Sample Chapter: Designing Assistant Technology

This is a sample chapter from Christopher Noessel‘s book Designing Assistant Technology: AI That Makes Us Smarter. 2026, Rosenfeld Media.

Chapter One

Google Maps as a Bejeweled Crutch

I grew up in Houston, Texas. If you’re unfamiliar with the city, one of its defining features is the sheer number of roads. It sits on a gently sloping coastal prairie, to the west of a little pocket of a bay connecting it to the Gulf of Mexico, and other than the coast itself, it has no other natural boundaries. As the city expanded over the decades to its current 100-mile radius, land was readily available, and roads were easy to build. And build they did.

Filling its 640 square miles are nearly 12,000 lane-miles of road.
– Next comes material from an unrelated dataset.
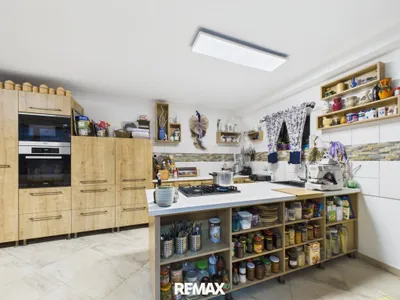 6-Zimmer-Gewerbeimmobilie kaufen in Bruck an der Leitha – 416 m², € 349.000 – Bild 16 von 32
That means if you could break up the roads into individual lanes, straighten them all out, and lay them end to end, they would stretch from Lima, Peru, almost all the way around the world to Bangkok, Thailand. At some points along its stretch, the Katy Freeway, including its frontage and toll roads, is a shocking 24 lanes wide. If you added up all the miles driven by people living or commuting there, it comes to over 106 million miles traveled each typical workday. It’s a lot of roads with a lot of traffic (see Figure 1.1).

Figure 1.1
Houston’s “Spaghetti Bowl.” Somehow the satellite view makes it seem less confusing.

As a tween, I recall riding in the back seat of my dad’s car, looking out the window as we drove over “the spaghetti bowl” (Figure 1.2), a stretch of complicated freeway entrances and exits where Allen Parkway and Memorial Parkway meet, and being baffled by it all. I knew that I was supposed to navigate it by myself sometime in the next few years, when I got my driver’s license. That felt daunting. I asked my dad, “How did you learn all these roads?” He thought for a minute, as I recall, and said something like, “You just start out knowing a little bit of it and go from there.”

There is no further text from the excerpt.